Pour une pluralité des lectures du Coran

Le Coran est le socle de l'identité spirituelle du musulman. C'est à partir de Lui que se fonde la weltanschauung (la vision du monde) de l'islam. Dans celle-ci, le Coran est la Parole même de Dieu. Elle révèle à l'homme le sens de sa présence au monde et, si cela était nécessaire, les jalons du chemin salvateur lui permettant de réintégrer la vérité originelle. Parole de vérité, justement, le Coran est, pour la conscience croyante et confessante du musulman, le Dit divin par excellence. Cette origine supra-humaine du Coran n'est pas sans laisser sur le Livre une certaine qualité, une caractéristique particulière que nous jugeons fondamentale pour rendre intelligible le type de relation que le croyant doit établir avec le texte : l'infinitude. Même si le Coran est, d'un point de vue formel, un objet fini (il possède un nombre précis de versets (ayat), de chapitre (sourates)), il n'en demeure pas moins que toute lecture du texte saint, toute interprétation (tafsir), d'un point de vue spirituel, sera comme décentrée par rapport au Centre du Coran. L'infinitude coranique implique précisément ce décentrage, ce décalage qui permettent l'autonomie du texte et son universalité. En d'autres termes, ce décalage qui existe entre le Dit divin et nos lectures d'hommes assure la sauvegarde de la transcendance du premier.

C'est parce qu'il n'y a pas de rapport d'identité (au sens mathématique) entre, d'une part, les mille et unes perspectives du Coran et, d'autre part, nos façons humaines de le comprendre, que la liberté de conscience est possible en islam. Le terme Ijtihad (la libre réflexion, l'interprétation du Livre) provient de la même racine qui a produit le mot Jihad (l'effort que le croyant doit fournir sur le chemin de Dieu, fi sabil li-lah). Il n'est pas illégitime de considérer que la pratique même de l'Ijtihad relève de ce Jihad majeur dont parle la Tradition, Jihad qui est celui de l'âme. Il y a, en effet, une grande cohérence entre l'infinitude du Coran, qui est liée à son origine supra-humaine, et la finitude naturelle de nos façons de le comprendre : c'est le décalage entre les deux termes de l'équation qui autorise la quête spirituelle et cognitive de la vérité originelle, du Principe d'où tout émane. Le chemin de Dieu est le nom coranique donné à cette quête.
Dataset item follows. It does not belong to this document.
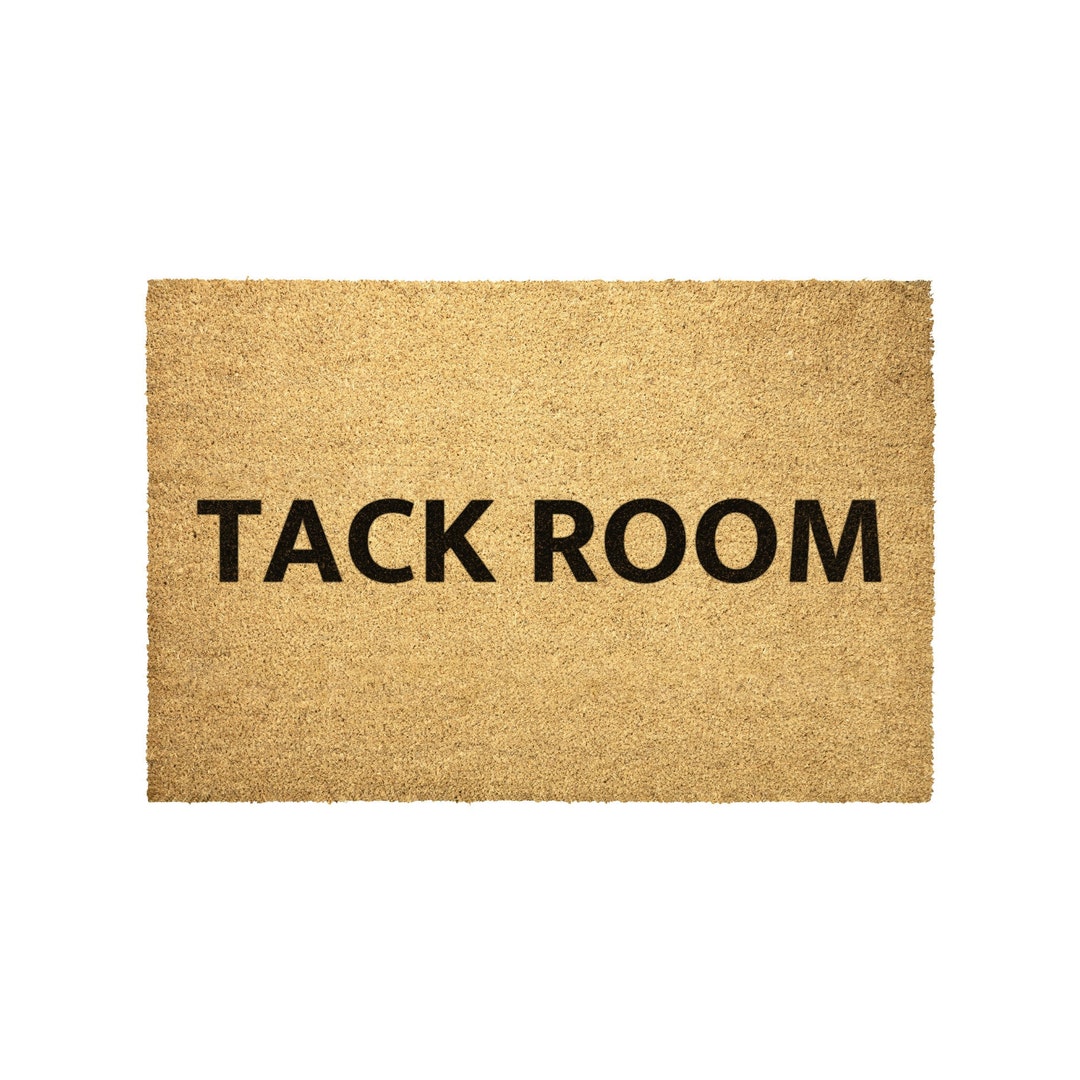 Tack Room Doormat Outdoor Rug, Equestrian Mat, Barn Rug, Tack and Feed ...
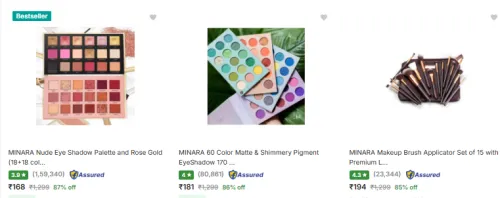 Image of MINARA makeup product Starting@ 168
Le Jihad majeur ( le combat intérieur pour polariser la nature humaine autour du Principe) et l'Ijtihad sont les Actes de la conscience du croyant, de son coeur et de son intelligence.

Le totalitarisme frappe à la porte lorsque l'on tente d'établir une identité parfaite, lisse, objective entre le Sens du Dit divin et telle ou telle interprétation humaine, lorsque l'on disqualifie , au nom d'une prétendue maîtrise et connaissance de la vérité ineffable de Dieu, les lectures qui veulent déployer d'autres perspectives, d'autres lignes de sens. Cette attitude viole doublement la relation du croyant à la Parole coranique : 1) elle nie l'infinitude du Coran en prétendant que l'on peut, au fond, épuiser ses multiples significations. 2) elle divinise la lecture humaine (qui ne sera jamais que celle d'une école de pensée précise, d'un courant théologique particulier) en affirmant qu'elle a le dernier mot et qu'elle peut fermer les portes de l'Ijtihad et interdire le déploiement de nouvelles visées.

Avant d'être un livre ( c'est-à-dire le Livre !), le Coran est une Parole, un énoncé célestiel. L'écoute est, en islam, une authentique discipline spirituelle. L'intelligence du croyant est tributaire d'une psalmodie. Si le Coran, à plusieurs reprises, lance un défi aux poètes de l'Arabie anté-islamique (peuvent-ils rivaliser en produisant une parole aussi forte et transcendante que le Coran ?), c'est bien pour nous dire que ce Dit divin est l'inimitable Poème de Dieu. Le romantique allemand Novalis disait que "la Poésie est le réel absolu"...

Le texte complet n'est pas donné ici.